February 12, 2015

Horse 1839 - Old Man Yells At Cloud

Once upon a time in the land of times past, when things like music, newspapers, books and computer software still came as physical products, if something went awry you could do something about it. In the age of digital delivery because that stuff no longer exists, when something does die, you're up the data stream withour a binary load lifter.
Yesterday, the CPU in my computer decided that it was too good for this world and rather than getting the blue screen of death, I got a red screen of doom. After getting my computer back from the shop, I've had the task of bringing it back to life, which was mostly easy, except for trying to download a copy of Microsoft Office 2010.

The pack for Office 2010 is a plastic sleeve thing with a card with the product key printed on; that's it. Office 2010 was probably the first version of Office to be delivered digitally and whilst that was probably fine for a new set of computers, now that they are at least five years old, it is a nightmare.
As I type this, the current attempt (number six) at downloading Office 2010 tells me that there is anything between 3 and 6 hours to download it.

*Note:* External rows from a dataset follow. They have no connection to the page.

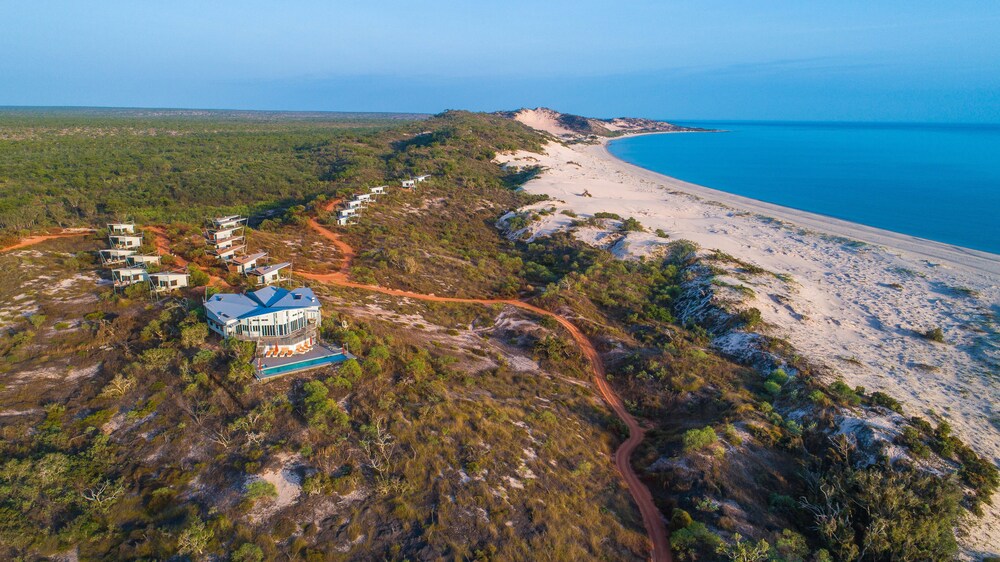 The Berkeley River Lodge — 4-Star Luxury Hotel in Darwin, Australia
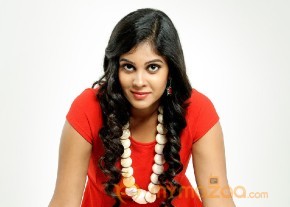 chandini chitram bhalare vichitram movie photos photo 7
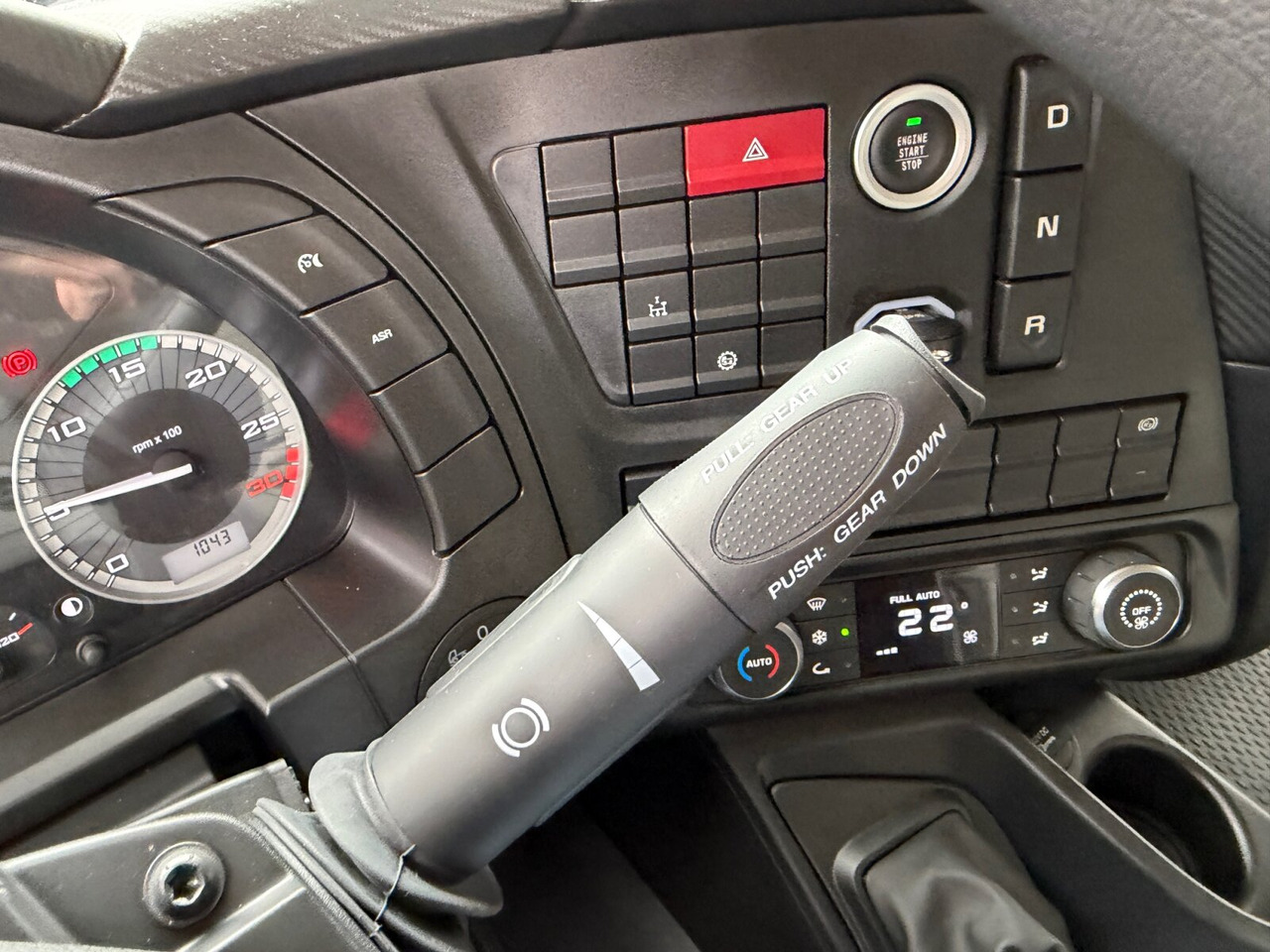 T-Way 360 6x6 T-Way 360 6x6, Nebenantrieb - Kamion sa golom šasijom i zatvorenom kabinom: slika 4 T-Way 360 6x6 T-Way 360 6x6, Nebenantrieb - Kamion sa golom šasijom i zatvorenom kabinom: slika 4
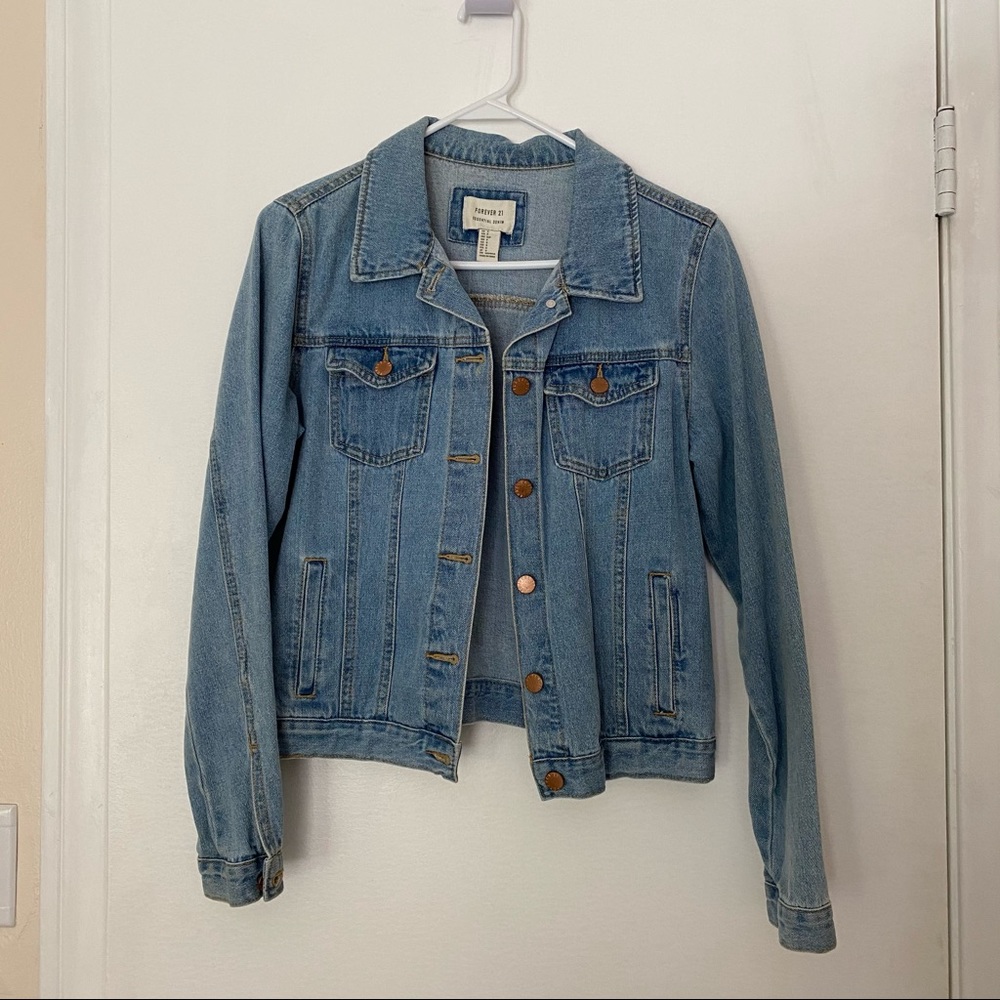 Denim jacket light wash size small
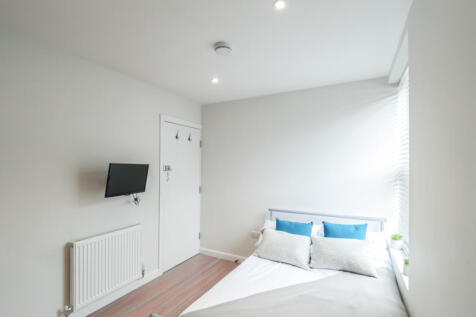82 Ashford Street, bedroom 4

On every occasion thus far, I've either encountered a fatal exception error, or a storm, or some other weird reason why I can't finish the download. All I want is a working machine.

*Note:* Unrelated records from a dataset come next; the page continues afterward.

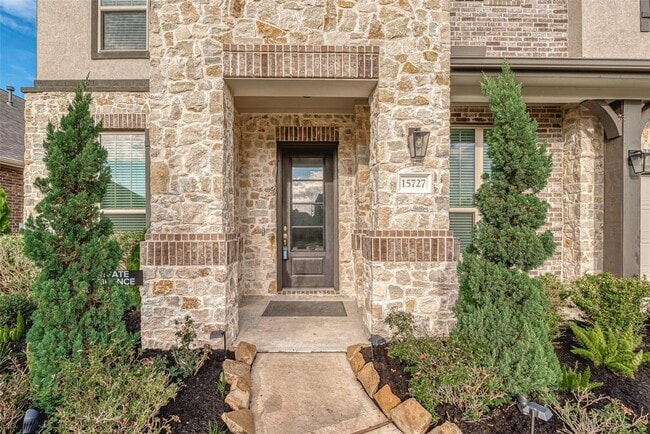 Building Photo - 15727 Ballater Ridge Ln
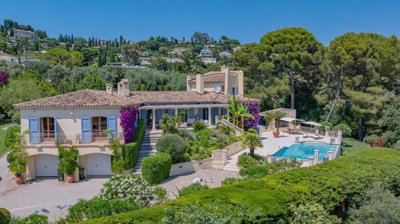 6 Bed House for sale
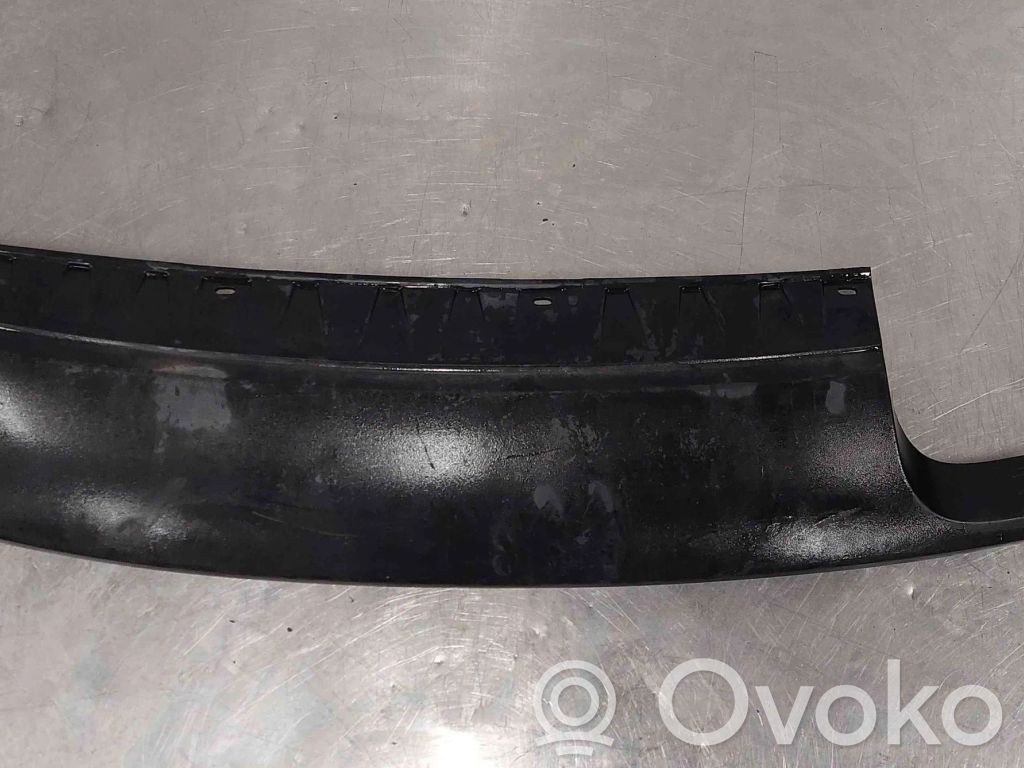 Volkswagen Beetle A5 Moldura inferior del parachoques trasero 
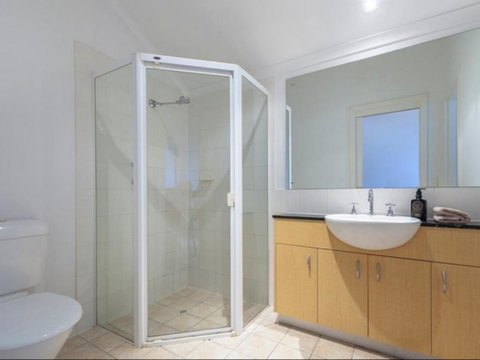 Spacious 4 BR And 2 Bathrooms City Apartment - Brisbane Tourism 9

All of the other programs I have such as Windows 7, HandiSoft, MYOB, even the drivers for the printer and scanner all come on physical disc. Office didn't ; what's worse is that neither do its replacements.
Office 365 is only digitally delivered and the point is that if I can't get Office 2010 to download properly, then what's to say that Office 365 which comes from the same company will be any different at all?

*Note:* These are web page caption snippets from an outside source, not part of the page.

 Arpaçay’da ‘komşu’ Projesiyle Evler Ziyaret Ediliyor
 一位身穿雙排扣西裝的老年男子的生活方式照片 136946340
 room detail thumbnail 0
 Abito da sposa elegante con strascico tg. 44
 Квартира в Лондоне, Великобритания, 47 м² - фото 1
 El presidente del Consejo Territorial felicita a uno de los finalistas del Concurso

There is a lovely slap in the face from Microsoft as well. When I tried to order a backup DVD, it quoted the price to be as £11.63 which means that its sourced from the UK but when I clicked 'Add' so I could get a Backup DVD sent to me, it returns this message:
You do not have any Backup DVDs
Yes. I know that I do not have any Backup DVDs. That's why I just tried to order a Backup DVD. I would like a Backup DVD so that I no longer do not have any Backup DVDs.

As I type this, the download speed has fallen to 8.3KB/s and is now returning an estimate of 6 days to download Office 2010. In that time, I could fly all the way to the UK and get my Backup DVD for £11.63 and still be back before it would be finished downloading.
When digital delivery is even slower than actually flying halfway around the world and picking up the physical product yourself, I start to think that this is all a nonsense.
Dear Microsoft, If you want to know why software piracy is rampant, then maybe it's worth considering that even Captain Oakenface with a wooden peg for a head, is capable of faster delivery of product than legitimately downloading the software.

If your car crashed and you needed replacement parts, you can find them relatively easily. Heck you could probably fabricate them yourself if the need arose. If Microsoft built a motor car, it would do 460mph, crash every eight minutes and in order to restart, you'd have to open and close the windows and press the start button repeatedly.

Stuff like this makes me hate the cloud with a passion and I really despair as I look to the world of 2053 when I'll be 75 years old and sitting in on the floor in my house because all the devices will have crashed and there's no software to even run the toaster.

That whole dystopia in Battlestar Galactica where The Twelve Colonies are in a war with the  cybernetic race known as the Cylons is never going to happen. That assumes that there is a working internet and that download speeds are sufficiently fast enough so that the software is capable of being updated or recovered in a crash. That's never going to happen.